The question bored into my brain so abruptly that I nearly fell off my chair and I had to collect my thoughts for a minute before I could answer yes.
"Good! Then we have talked of this theme at its true worth and no further talk is called for. Is it responsible for that alliteration as well? Look, there it is, looking in at the window—the clouds that you put me off with earlier have also been incapable of hiding it. The meadows are lit up for miles—such beauty! How wonderful! My dear colleague, how truly charming the world is, how splendid both in war and peacetime! Poetry drips down from above and springs up from below! Listen—listen to the music of the everlasting sea! The waves dance their immortal dance in the German moonlight—why should we not dance too? My soul is a drop in the harmonious flow of the world, a shining, light-filled drop. Colleague, let us partake of the sweetness of nature. It's a sin to sit here in this dull room while the elements of earth and water outside are looking so extraordinarily fine in the German moonlight. Come on. Drink up. Let's go…"
"You're no longer afraid…?"
"Why should I be afraid? My dear, dear friend, that's the point!

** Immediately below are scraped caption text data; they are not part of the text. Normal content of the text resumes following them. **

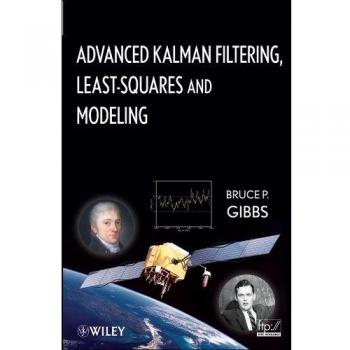 Advanced Kalman Filtering LeastSquares and Modeling A Practical Handbook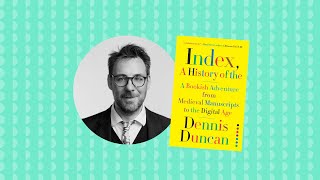 Index, a History of the with Dennis Duncan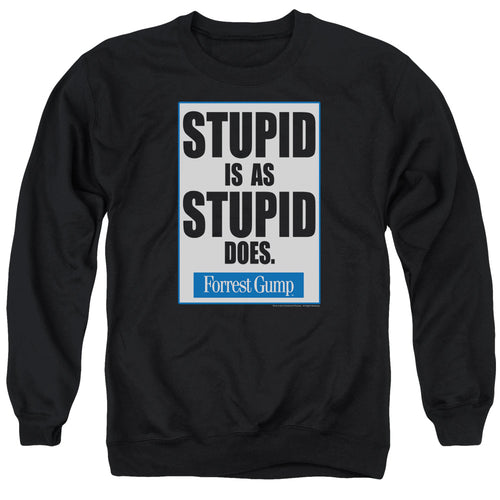Forrest Gump Stupid Is Crewneck Sweatshirt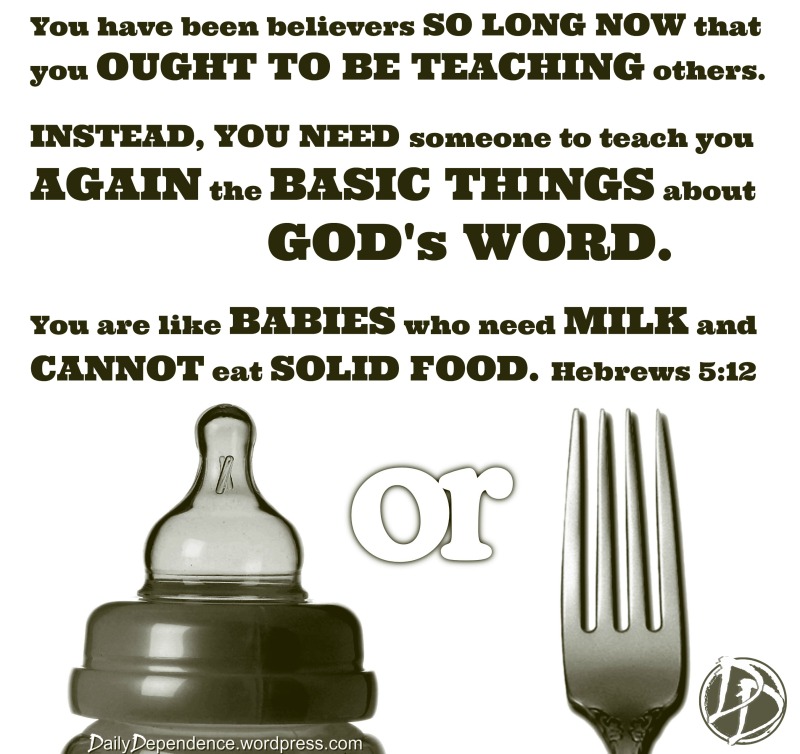 99 - Daily Dependence - Hebrews 5-12 - Milk to Meat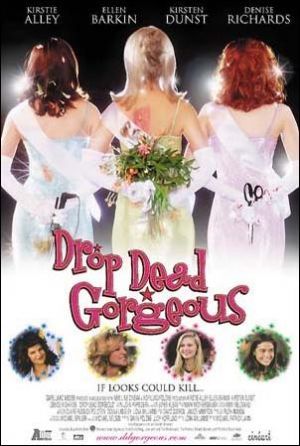 Drop Dead Gorgeous Ellen Barkin, Kirstie Alley, Girly Movies, Denise Richards, Cinema Posters, Kirsten Dunst, Movie Sets, Drop Dead, Beauty Pageant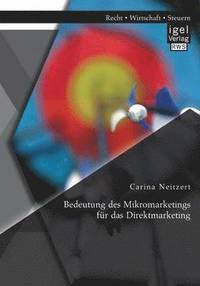 bokomslag Bedeutung des Mikromarketings für das Direktmarketing
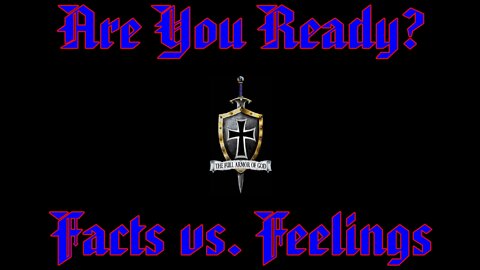 Are You Ready? Facts vs. Feelings! (Ep: 005)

It beats us all and by its light we win all our victories."
"Even the battle of Königgrätz?"
"Even that one, whatever objections one may have to it. And all future great and remarkable battlefield victories as well! Ah, this air, this light! Let's climb to the top of that dune once again to take one more look at the holy briny."

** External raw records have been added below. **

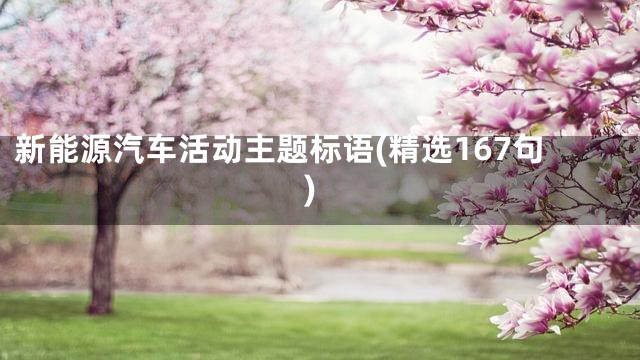 新能源汽车活动主题标语(精选167句)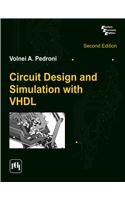 Circuit Design And Simulation With Vhdl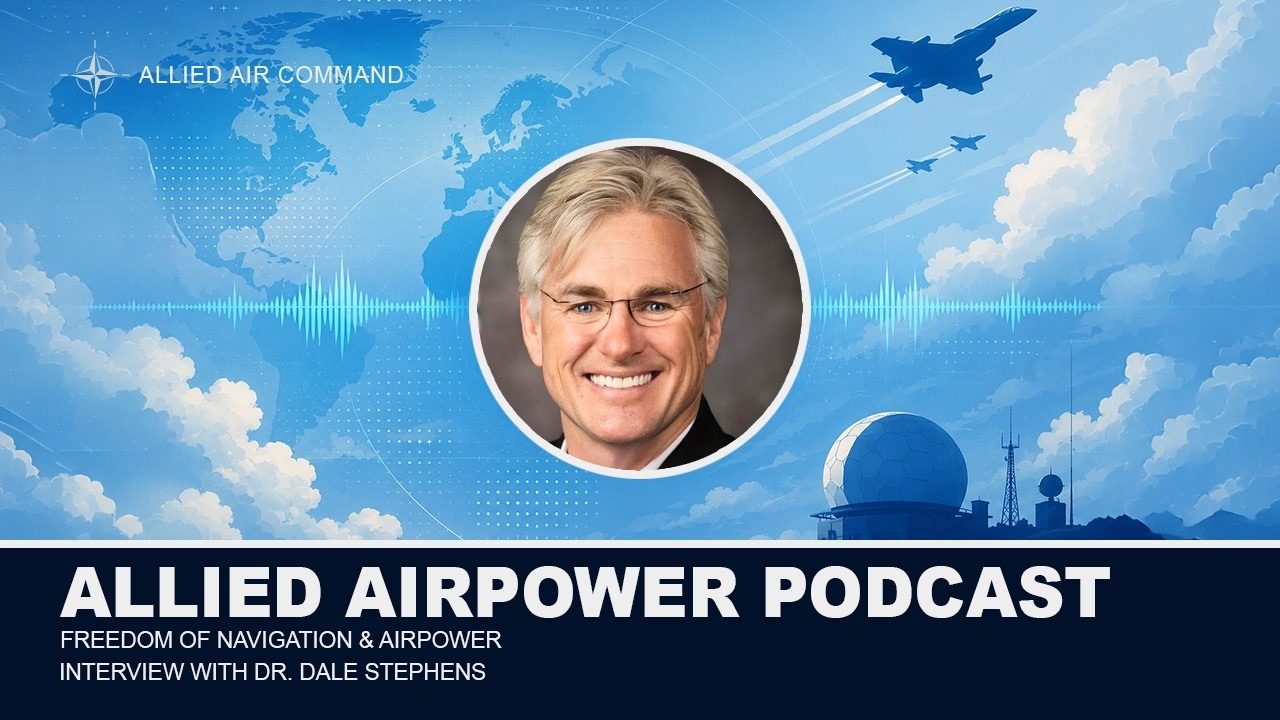 Freedom of Navigation & Airpower &mdash; Interview with Dr. Dale Stephens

"And afterwards, standing in the moonlight, will you tell me some more of your life story?"
"Willingly, with pleasure, immediately, although, in my opinion, it really isn't necessary any more. You see, dear friend, the fact stands as frightening as it is comfortable to live with that the moon from time to time overwhelms the Royal Prussian legal civil servant Löhnefinke and the latter, ultimately, has not the least objection to raise against the intoxication and dizziness it inspires. Yes, I too found a German girl, wandering in the German moonlight as I did, got engaged to her with the consent of her parents and later married her. And now today I find myself in undisputed possession of an eighteen year old daughter to boot and perhaps afterwards I can introduce both of those ladies to you."
"So you're not running around by yourself here? You haven't been left to your own devices on Sylt?"

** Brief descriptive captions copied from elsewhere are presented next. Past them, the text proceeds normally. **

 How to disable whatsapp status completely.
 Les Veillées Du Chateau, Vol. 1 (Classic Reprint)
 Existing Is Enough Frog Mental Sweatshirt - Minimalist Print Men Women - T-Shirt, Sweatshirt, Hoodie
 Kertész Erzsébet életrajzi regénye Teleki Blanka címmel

"Not at all. I live with my wife and daughter in Westerland and have come here to the spa under their supervision. What do you think of my invitation?"
"Forgive me for asking a silly question, colleague. This is such a wonderful evening, such a pleasing encounter and such an extremely interesting conversation that anything is forgivable."
"Calm down. We understand each other perfectly. Unbeknown to you I have had an eye on you all day. You appealed to me as a person and the lawyer in me immediately recognized you as a kindred spirit and fate allowed me to bump into you literally not without a purpose and with total justification. We had to speak out to each other tonight—it's part of the cure and is in large part due to the salt water. But the moon—I always have to draw your attention back to that splendid moon. Yes, I am bound to it and will need to remain in its bonds until death us do part…"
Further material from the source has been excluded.